4. Measuring and Reporting Performance of Benchmarks

Benchmark programs should be derived from how actual applications will execute. However, performance is often the result of combined characteristics of a given computer architecture and system software/hardware components in addition to the microprocessor. Other factors such as the operating system, compilers, libraries, memory design and I/O subsystem characteristics may also have impacts on the results and make comparisons difficult.

4.1 Measuring Performance

Two ways to measure the performance are:

The speed measure - which measures how fast a computer completes a single task. For example, the SPECint95 is used for comparing the ability of a computer to complete single tasks.
The throughput measure - which measures how many tasks a computer can complete in a certain amout of time. The SPECint_rate95 measures the rate of a machine carrying out a number of tasks.

4.2 Interpreting Results

There are three important guidelines to remember when interpreting benchmark results:

1. Be aware of what is being measured. When making critical purchasing decisions based on results from standard benchmarks, it is very important to know what is actually been measured. Without knowing, it is difficult to know whether the measurements obtained is even relevant to the applications which will run on the system being purchased. Questions to consider are: does the benchmark measure the overall performance of the system or just components of the system such as the CPU or memory?

2. Representativeness is key. How close is the benchmark to the actual application being executed? The closer it is, the better it will be at predicting the performance. For example, a component-level benchmark would not be good predictors of performance for an application that would use the entire system. Likewise, application benchmarks would be the most accurate predictors of performance for individual applications.

3. Avoid single-measure metrics. Application performance should not be measured with just a single number. No single numerical measurement can completely describe the performance of a complex device like the CPU or the entire system. Also, try to avoid benchmarks that average several results into a single measurement. Important information may be lost in average values. Try to evaluate all the results from different benchmarks that are relevant to the application. This may give a more accurate picture than evaluating the results from one benchmark alone.

4.3 Reporting Performance

There are some points to remember when reporting results obtained from running benchmarks.

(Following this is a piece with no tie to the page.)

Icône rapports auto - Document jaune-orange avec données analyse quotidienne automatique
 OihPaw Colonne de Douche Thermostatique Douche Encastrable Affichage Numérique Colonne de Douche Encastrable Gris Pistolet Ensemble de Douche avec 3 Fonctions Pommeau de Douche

Use newer version over the older. If an updated and revised version of a benchmark suite is available, it is usually preferred over the outdated one. Generally there are good reasons for revising the original. They include, but not limited to, changes in technology, improvements in compiler efficiency, etc.
Use all programs in a suite. There may be legitimate reasons why only a subset was used, but they should be explained. Otherwise, someone looking at the results may become suspicious as to why the other programs were not considered. Explain about the selection process, why it was not arbitrary, and why it was useful to do so.
Report compilation mode. The compilation mode that was used is important and should be reported in every case. The effect of a certain new hardware feature may be dependent on whether it is applied to optimzed or unoptimized programs.
Use a variety of benchmarks when reporting performance. Generally it is a good idea to use other set of programs as additional test cases. One set of benchmarks may behave differently than another set and such observations may be useful as to the next round of benchmark selections.
List all factors affecting performance. Have enough information about performance measurements to allow readers to duplicate the results. These include:
1. program input
2. version of the program
3. version of compiler
4. optimizing level of compiled code
5. version of operating system
6. amount of main memory
7. number and types of disks
8. version of the CPU